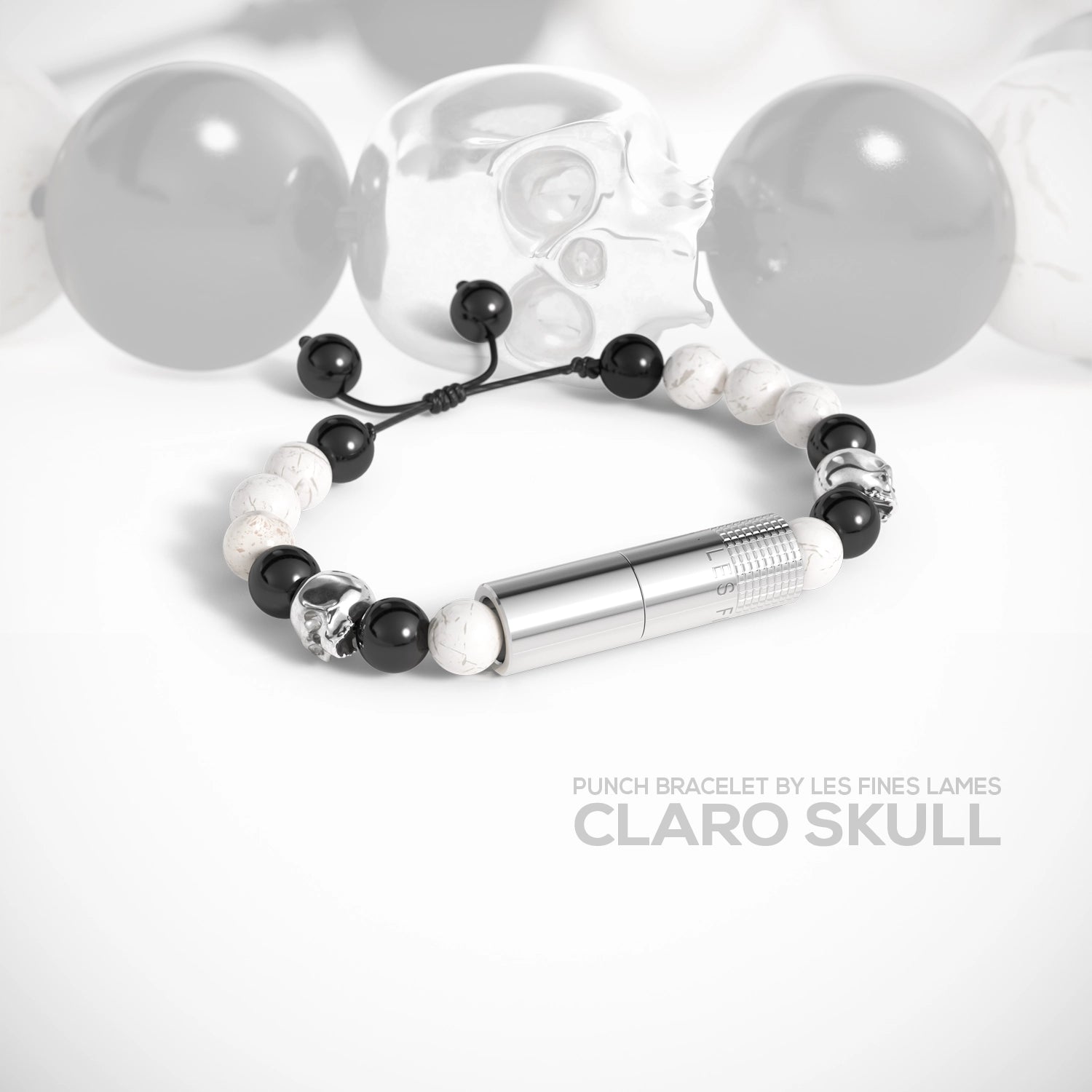 les-fines-lames-punch-bracelet-claro-skull-zigarrenpuncher-verstellbar image 1
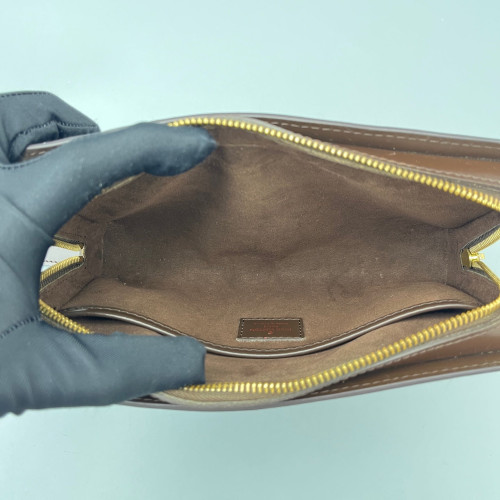 Louis Vuitton Pochette Saint Louis Clutch Damier Ebene Calfskin Dark Brown Light Brown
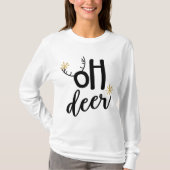 Oh Deer Reindeer Antlers Funny Christmas T-Shirt (Vorderseite)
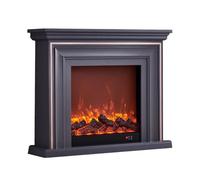 Chimeneas, Chimenea eléctrica, Chimenea eléctrica Independiente con repisa, Inserto Calefactor extrafino, Chimenea Decorativa Moderna Gris con Llamas 3D Inteligentes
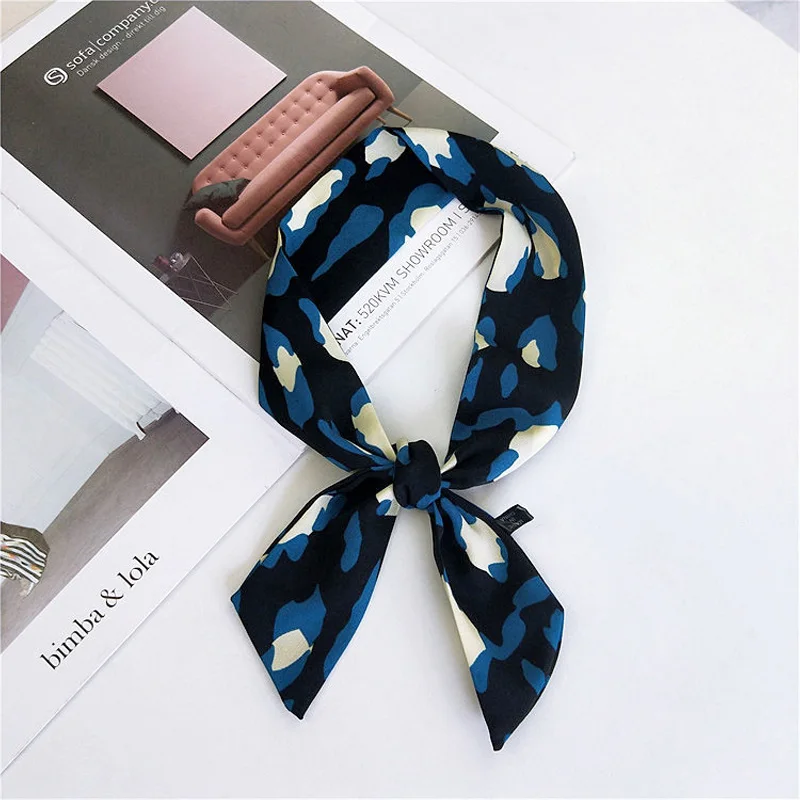 Новый дизайн тонкий шарф с леопардовым принтом Женский Галстук для волос повязка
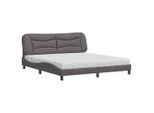 Syfax™ Letto Con Materasso Hvar Grigio 180X200 Cm In Pelle Finta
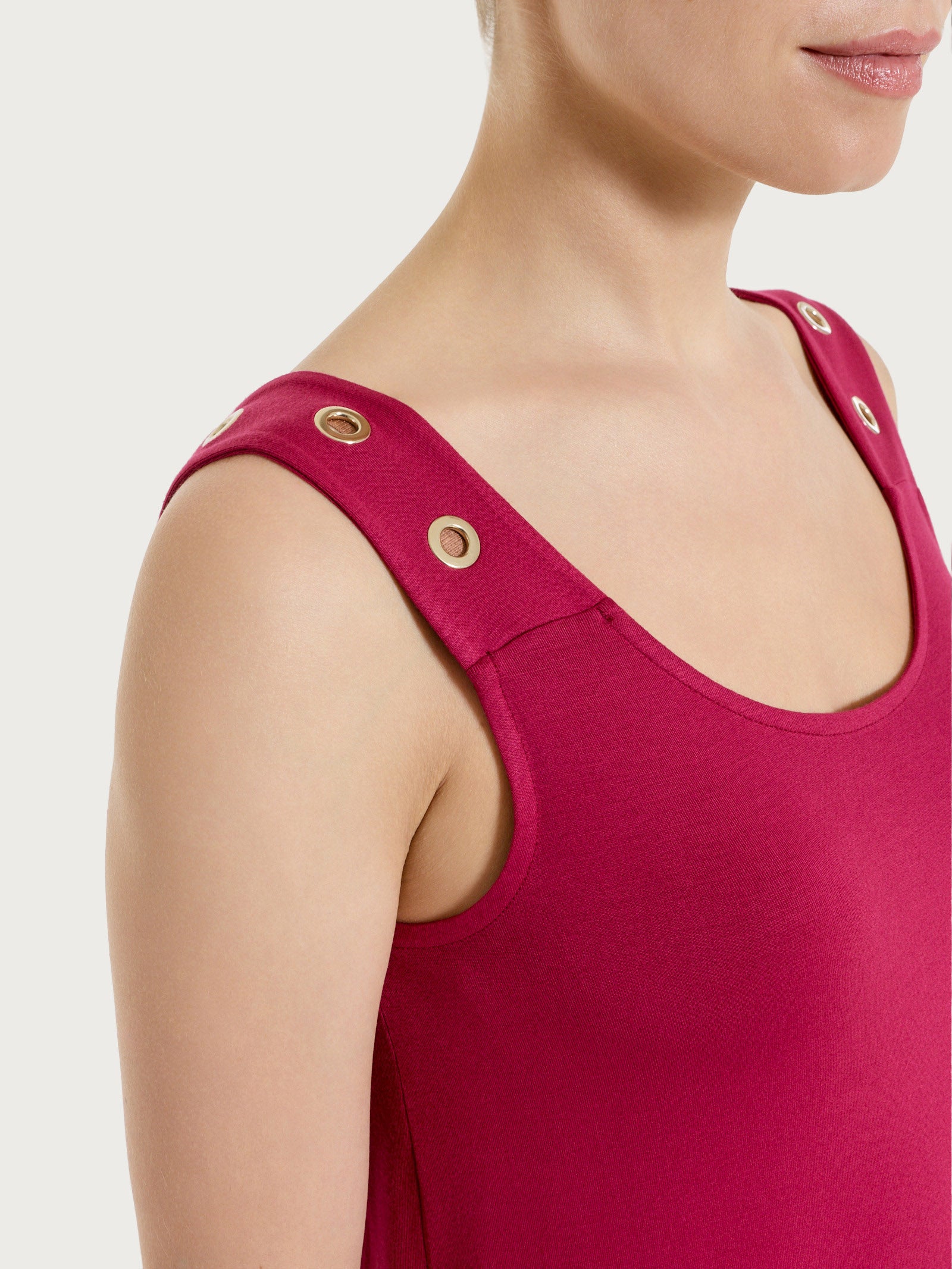 Ragno Viscosa Summer Top Spalla Larga Beet Red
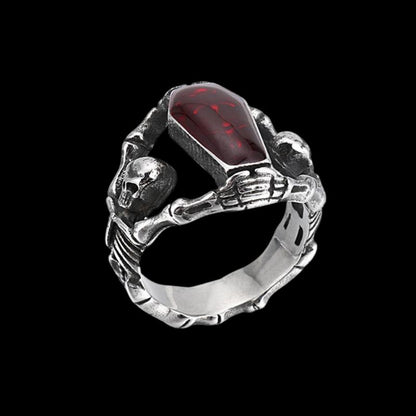 Gothic Vampire Coffin Ring Silver Rings - GOTH-REAL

§ **The task**
All of the records above should be returned exactly, though the pictures should not.

§ **Solution to the exercise**
 les-fines-lames-punch-bracelet-claro-skull-zigarrenpuncher-verstellbar image 1
 Louis Vuitton Pochette Saint Louis Clutch Damier Ebene Calfskin Dark Brown Light Brown
 Oh Deer Reindeer Antlers Funny Christmas T-Shirt (Vorderseite)
 Chimeneas, Chimenea eléctrica, Chimenea eléctrica Independiente con repisa, Inserto Calefactor extrafino, Chimenea Decorativa Moderna Gris con Llamas 3D Inteligentes
 Новый дизайн тонкий шарф с леопардовым принтом Женский Галстук для волос повязка
 Syfax™ Letto Con Materasso Hvar Grigio 180X200 Cm In Pelle Finta
 Ragno Viscosa Summer Top Spalla Larga Beet Red
 Gothic Vampire Coffin Ring Silver Rings - GOTH-REAL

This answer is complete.